I featured this chart in a post about two months ago. It's taken from the Conference Board's monthly report that tracks online advertized job vacancies. As the blue line on this chart shows, labor demand actually increased in May, and clearly looks to have bottomed over the past several months. As before, this is an excellent leading indicator of improvement in the jobs market. It correctly forecast the lower-than-expected job losses reported for May, and suggests we will see more positive surprises in the months to come.

6 comments:

dr. j said...

I am going to sing from the roof tops that the great O was right: he has saved or created, just as it was written. Logically impossible to refute and it just sounds so darned easy to believe. Perhaps we have become a nation of pathological believers.

Thanks for doing this site. It is great to read facts and perspective. Very helpful. By the way, you might just thank me, because yesterday I saved the world.

Scott Grannis said...

Thanks for saving us! Now, if you can only turn sentiment strongly against big government and massive spending programs, you could save the economy!

Old Guy said...

Seems I asked this a couple of weeks ago:

UP AND DOWN WALL STREET
New Credit Conundrum Poses Risks to Economy

By RANDALL W. FORSYTH
The bond market could kill the supposed recovery that's spooked it.

http://online.barrons.com/article/SB124450107077595811.html

Chad said...

Scott,

This doesn't address job losses, per se. But First Trust put together an excellent piece supporting both their - and your - belief that a V-shaped recovery is in the cards. Great graphs!

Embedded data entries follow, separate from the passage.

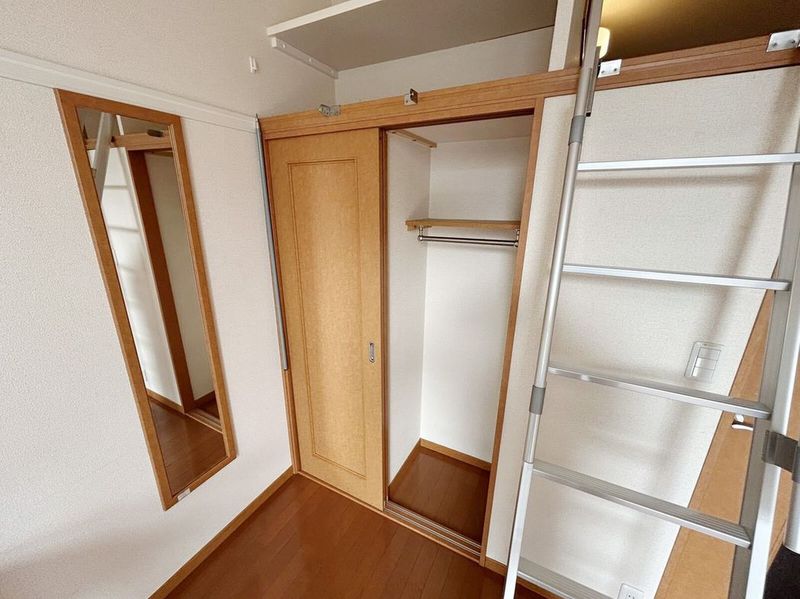 leopalace Forest Hagino I 수납공간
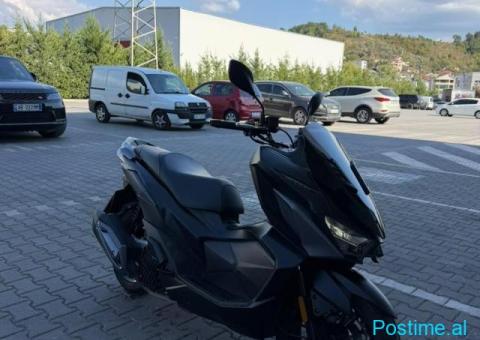 SHITET SYM 125cc - 6/6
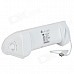 Wivick VC200W 2.0 USB Speaker - White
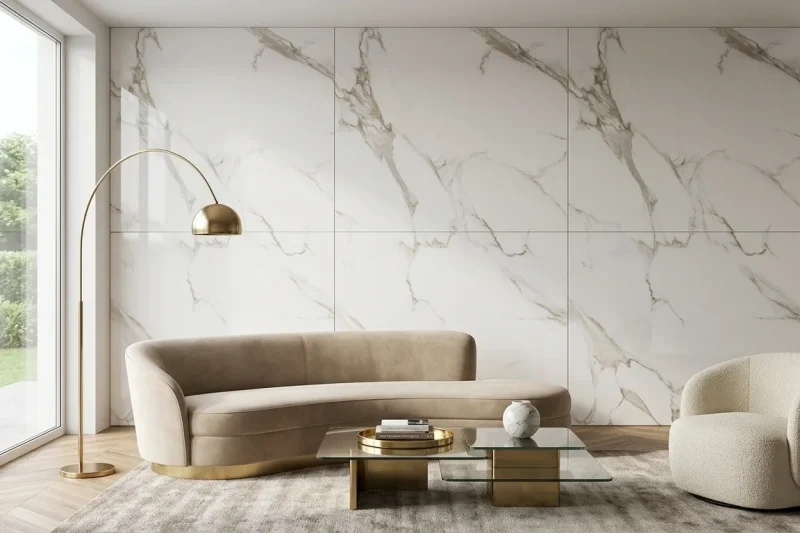 MFP 4020-CT White Vein Marble - Image 3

http://www.ftportfolios.com/Commentary/EconomicResearch/2009/6/9/v-shaped_recovery_underway

Scott Grannis said...

Thanks. Brian Wesbury at First Trust has been doing some good work.

Scott Grannis said...

Old Guy: I've addressed this issue in quite a few posts. Short answer: yields on Treasuries are rising because the economy is recovering. The recovery will be at risk only well after the Fed starts tightening. We're a very very long way from that.